## [What to do]
Your reply should be a faithful copy of the records below, free of pictures.

====

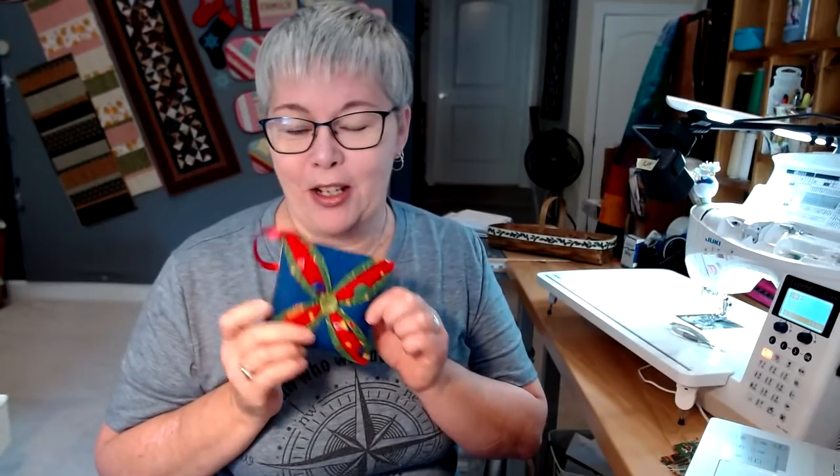Today there is no printable pattern, but I'm going to go over the things that you need to make this ornament. It's going to be pretty simple. I know it looks a little bit complicated, but we're going to break down the steps. I'm going to go ahead and switch the camera over and show you the pieces and the few things that you need to make this ornament.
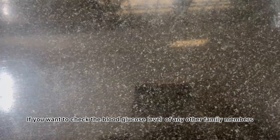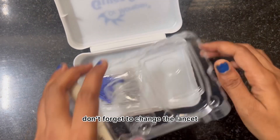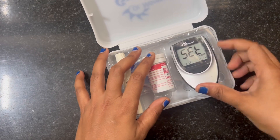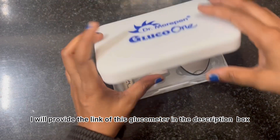If you want to check the blood glucose level of any other family members, don't forget to change the lancet. Please do change the lancet often. I will provide the link of this glucometer in the description box — please check it if you want to buy it.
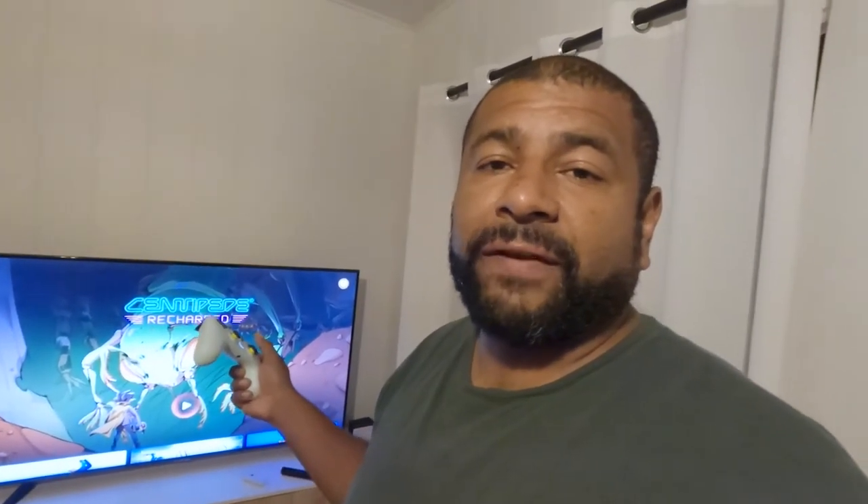Hopefully you guys enjoyed this video. If you did, hit that like button. If you're not subscribed, hit that subscribe button and don't forget to hit the bell so you get notified when I upload new videos. Appreciate you guys watching and I'll see you on the next one, bye.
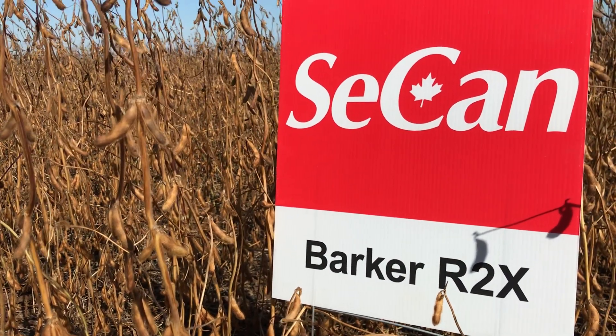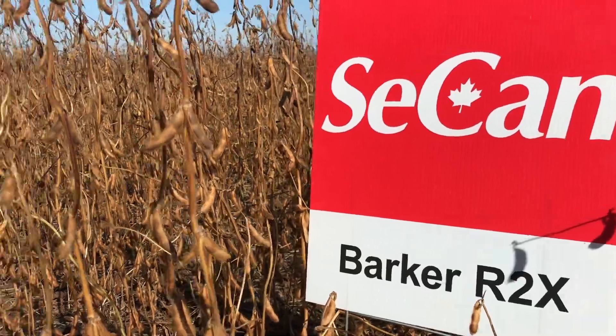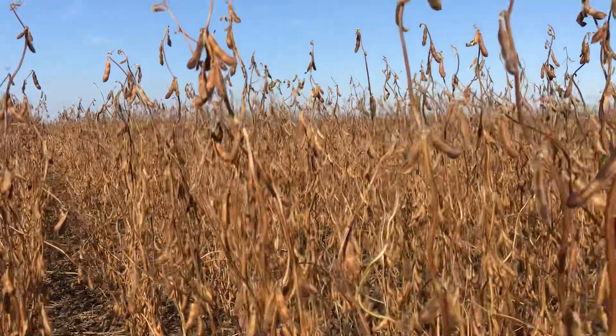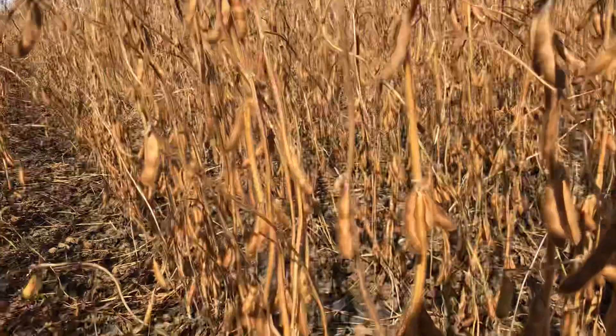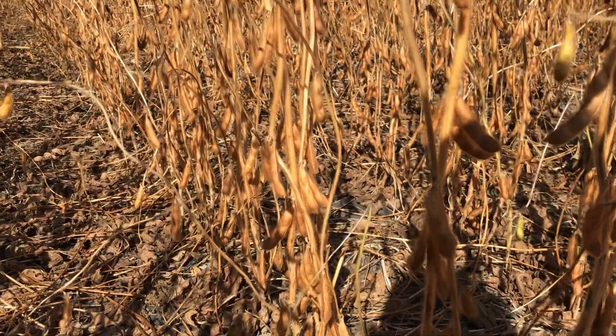Hello, this is Brad Pinkerton with Seacan. It's September 19, 2019. I'm looking at Barker R2X soybeans. This is a 24-25 heat unit soybean from Seacan. It comes in a little bit later than that, more like a 24-50 or 24-75.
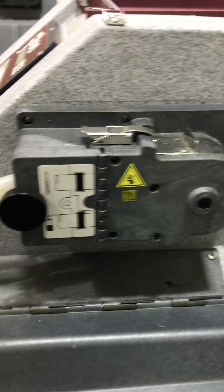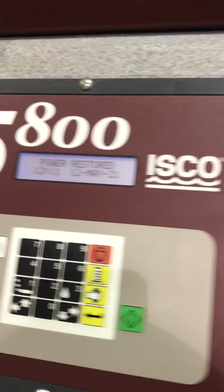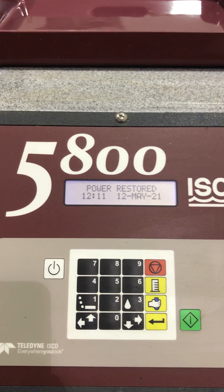It does show errors that the tubing is not connected, as you can see, which I assume could be resolved easily. It's just saying here: power restored.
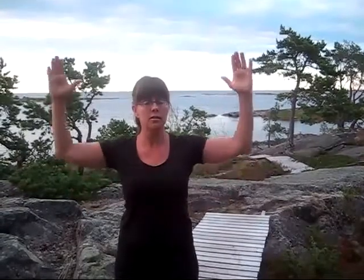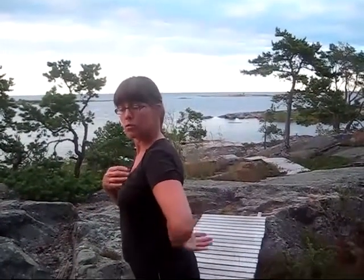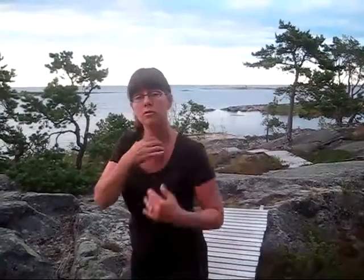Do this three or four times and that's all it takes, but it will help you to engage these muscles and make your upper trapezius muscles relax. Thank you very much.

====

## [Solved problem]
Today there is no printable pattern, but I'm going to go over the things that you need to make this ornament. It's going to be pretty simple. I know it looks a little bit complicated, but we're going to break down the steps. I'm going to go ahead and switch the camera over and show you the pieces and the few things that you need to make this ornament.
If you want to check the blood glucose level of any other family members, don't forget to change the lancet. Please do change the lancet often. I will provide the link of this glucometer in the description box — please check it if you want to buy it.
Hopefully you guys enjoyed this video. If you did, hit that like button. If you're not subscribed, hit that subscribe button and don't forget to hit the bell so you get notified when I upload new videos. Appreciate you guys watching and I'll see you on the next one, bye.
Hello, this is Brad Pinkerton with Seacan. It's September 19, 2019. I'm looking at Barker R2X soybeans. This is a 24-25 heat unit soybean from Seacan. It comes in a little bit later than that, more like a 24-50 or 24-75.
It does show errors that the tubing is not connected, as you can see, which I assume could be resolved easily. It's just saying here: power restored.
Do this three or four times and that's all it takes, but it will help you to engage these muscles and make your upper trapezius muscles relax. Thank you very much.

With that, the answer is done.